Num contexto em que a corrupção escancarada toma conta e não nos mobiliza a ações mais fortes de combate a mesma, deixando a ética, a cidadania e a civilidade darem lugar a ambição desenfreada, ao tudo por dinheiro e as ações ilegais que as realizam tomando conta de nossas cidades...

Numa realidade em que famílias se escondem dentro de casa, atrás de grades, guardadas por alarmes e cães, pagando por seguranças privados, com medo dos bandidos e da própria polícia, desencorajados de sair à noite ou mesmo de dia, por conta de assaltos, sequestros, drogas e tantas outras contravenções...

Não é de se estranhar que o Capitão, ou melhor, o Coronel Nascimento (Wagner Moura, em outra grande atuação) e sua tropa de elite tenham tanto público, reconhecimento e palmas.

A tática passa a ser: Bota o caveirão na rua, distribua pancadas sem dó, atire para matar e pergunte depois, se sobrar alguém... Com o BOPE (Batalhão de Operações Especiais da Polícia do Rio de Janeiro), se é bandido, se há ameaça a segurança pública, o melhor é aniquilar de vez os opositores.

O que se constata ao final do filme é que não há indignação em relação a violência desmedida. Talvez esta indignação se faça presente quanto aos políticos ordinários representados no filme. O que se percebe entre quem assistiu “Tropa de Elite 2” é que todos gostariam de ter algum Coronel Nascimento por perto, ou então, que cada um pudesse ser como o personagem de Wagner Moura, aptos a resolver tantos e tão grandes problemas envergando uma farda, vestindo junto com ela a legalidade e atirando nos bandidos para derrubá-los de vez... Seja no ponto de drogas, nas milícias policiais que realizam a extorsão da população ou ainda nos gabinetes dos políticos engravatados e corruptos que tanto exploram o povo de nossas cidades.

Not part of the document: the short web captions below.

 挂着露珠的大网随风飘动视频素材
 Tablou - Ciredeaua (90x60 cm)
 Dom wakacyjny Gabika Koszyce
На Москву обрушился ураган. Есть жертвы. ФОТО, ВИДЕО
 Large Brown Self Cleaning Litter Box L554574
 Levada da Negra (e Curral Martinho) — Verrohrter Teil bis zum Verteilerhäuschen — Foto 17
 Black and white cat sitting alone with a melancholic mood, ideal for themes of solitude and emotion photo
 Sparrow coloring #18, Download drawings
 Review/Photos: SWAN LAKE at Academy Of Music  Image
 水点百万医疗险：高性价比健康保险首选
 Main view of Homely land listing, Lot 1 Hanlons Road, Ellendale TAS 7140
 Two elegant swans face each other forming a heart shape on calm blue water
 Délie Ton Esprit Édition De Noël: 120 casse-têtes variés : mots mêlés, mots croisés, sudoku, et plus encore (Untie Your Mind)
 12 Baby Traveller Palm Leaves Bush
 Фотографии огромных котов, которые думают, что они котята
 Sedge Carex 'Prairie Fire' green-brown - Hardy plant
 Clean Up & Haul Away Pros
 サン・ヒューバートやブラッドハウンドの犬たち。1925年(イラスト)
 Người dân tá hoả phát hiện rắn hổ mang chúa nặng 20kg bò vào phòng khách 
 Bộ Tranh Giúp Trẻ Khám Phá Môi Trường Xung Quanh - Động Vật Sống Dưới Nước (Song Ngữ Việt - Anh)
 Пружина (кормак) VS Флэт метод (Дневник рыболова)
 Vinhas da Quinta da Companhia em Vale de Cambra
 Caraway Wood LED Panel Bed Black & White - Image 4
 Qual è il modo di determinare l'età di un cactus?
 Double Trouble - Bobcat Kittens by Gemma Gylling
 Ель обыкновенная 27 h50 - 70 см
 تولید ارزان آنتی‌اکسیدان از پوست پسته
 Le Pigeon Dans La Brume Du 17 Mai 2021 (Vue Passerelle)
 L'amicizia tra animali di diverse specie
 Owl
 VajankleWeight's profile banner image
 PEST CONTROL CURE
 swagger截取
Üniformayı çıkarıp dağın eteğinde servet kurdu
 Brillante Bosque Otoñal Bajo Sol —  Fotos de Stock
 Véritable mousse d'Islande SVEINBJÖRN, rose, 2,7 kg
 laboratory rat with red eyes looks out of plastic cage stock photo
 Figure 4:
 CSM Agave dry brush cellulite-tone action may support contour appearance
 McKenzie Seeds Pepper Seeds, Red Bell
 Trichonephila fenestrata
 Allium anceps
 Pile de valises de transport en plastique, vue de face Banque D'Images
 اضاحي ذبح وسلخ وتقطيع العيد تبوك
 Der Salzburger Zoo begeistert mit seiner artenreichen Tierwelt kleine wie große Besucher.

Se a moda pegar e realmente os espectadores de "Tropa de Elite 2" resolverem virar o jogo e assumirem sua porção Coronel Nascimento, dá até medo do que pode acontecer. Afinal, justiça com as próprias mãos não resolverá os problemas, pelo contrário, irá inclusive torná-los ainda piores, criando um autêntico “faroeste caboclo” nas ruas de nossas cidades.